Sunday, September 2, 2018

Random Pictures from the Desert Southwest

Compilations of Central California here and Pennsylvania here.

I thought it would be fun to gather all my desert trip pictures in one place. These go back a ways and many were taken with horrible cellphone cameras, so if the quality of some of them offends you, assume that I did it with a filter for artistic purposes.

Four Corners Area - Mesa Verde Cliff Dwellings, the Iconic Monument Valley

Stop and get some turquoise and fry bread and listen to the Dine (Navajo) radio station, which features Navajo chants for music, then cuts away for a brief news report in Dine, and then back to chanting. The area around Mesa Verde actually had more people when MV was a going concern around a thousand years ago than it does now.

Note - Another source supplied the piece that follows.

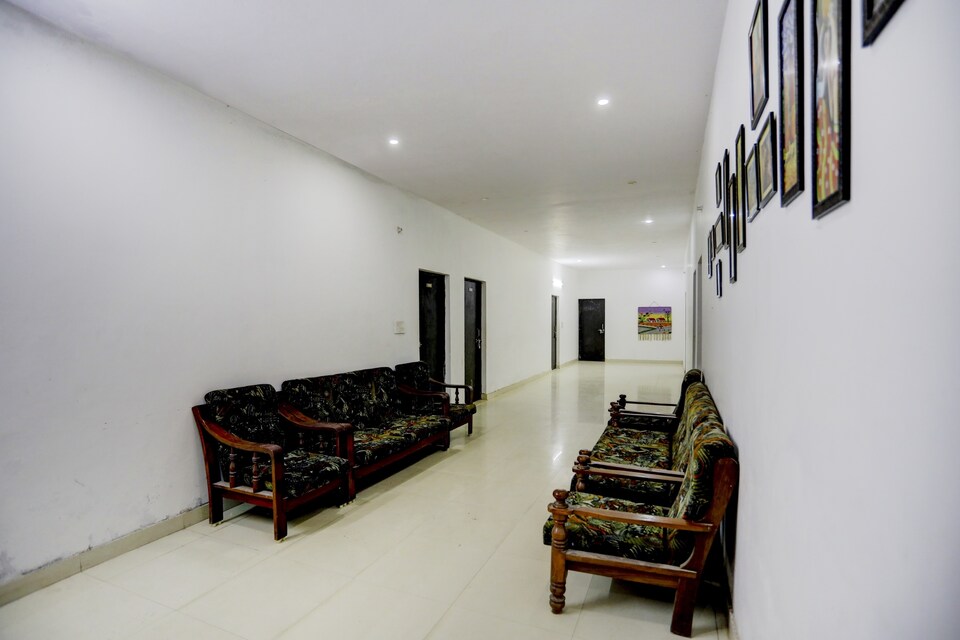 OYO Flagship Kusum Palace Banquet Hall, Aligarh, Aligarh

The display case is in the Burger King in Kayenta and contains captured material from Japan brought back by the code talkers.










Bryce Canyon, Capitol Reef, Goblin Valley, the Canyonlands

Capitol Reef is the greatest national park you'll never go to, because it's not close to anything (not even the other south Utah parks really.) At one point you can see the dinosaur bones embedded in a cliff; in another, a massive boulder of quartz, like some kind of dormant alien egg. In the Canyonlands I spent most of my time in the Needles area (one of the greatest hikes of my life) and I also made it to the amazing petroglyphs in the remote Horseshoe Canyon section (the one where Aaron Rawls cut his own arm off), which like much of south Utah also features dinosaur tracks.








































Utah: Bonneville Salt Flats from I-80




Palm Springs and Salvation Mountain

The gentleman who built Salvation Mountain was still living and coherent when I was there and that day he was discussing his works with some rapt French architecture students. Oddly, Palm Springs is often wet and cold when I'm there.






California: Off the Pearblossom Highway

There are some cool hot springs near Victorville, plus who doesn't like a nice Joshua Tree now and again.








California: Mojave Preserve








Nevada: Desert National Wildlife Refuge






Nevada: Mt. Charleston

I'm not a huge fan of Las Vegas, but Mt. Charleston is hands-down the best hike I've ever done in Nevada outside the Tahoe area, and the foliage as you can see was excellent. I wasn't expecting this to be such a great mountain. In one spot you can see what remained of a 1950s crashed plane, in 2008. I don't think there's anything left today thanks to souvenir-takers. You can clearly see down into Groom Lake AFB (which supposedly houses Area 51) but I didn't see any aliens.
























California: Cuyamaca Ranch, San Diego County




Death Valley

I'm not religious, but I joked that in Death Valley, God got lazy and stopped finishing creation (didn't include living things; didn't separate the elements, ie the salt or the copper you can see in the green cliffs at one point.) It forces you to imagine what Earth might look like if life had never evolved.














Grand Canyon














Black Rock Desert, 2000

In 2000 everyone was saying "hey man, it's not like the Burn used to be back in '92. It's so commercialized now!" Sound familiar, 2018 attendees, who are yearning for the authentic experience of 2000-Burning Man?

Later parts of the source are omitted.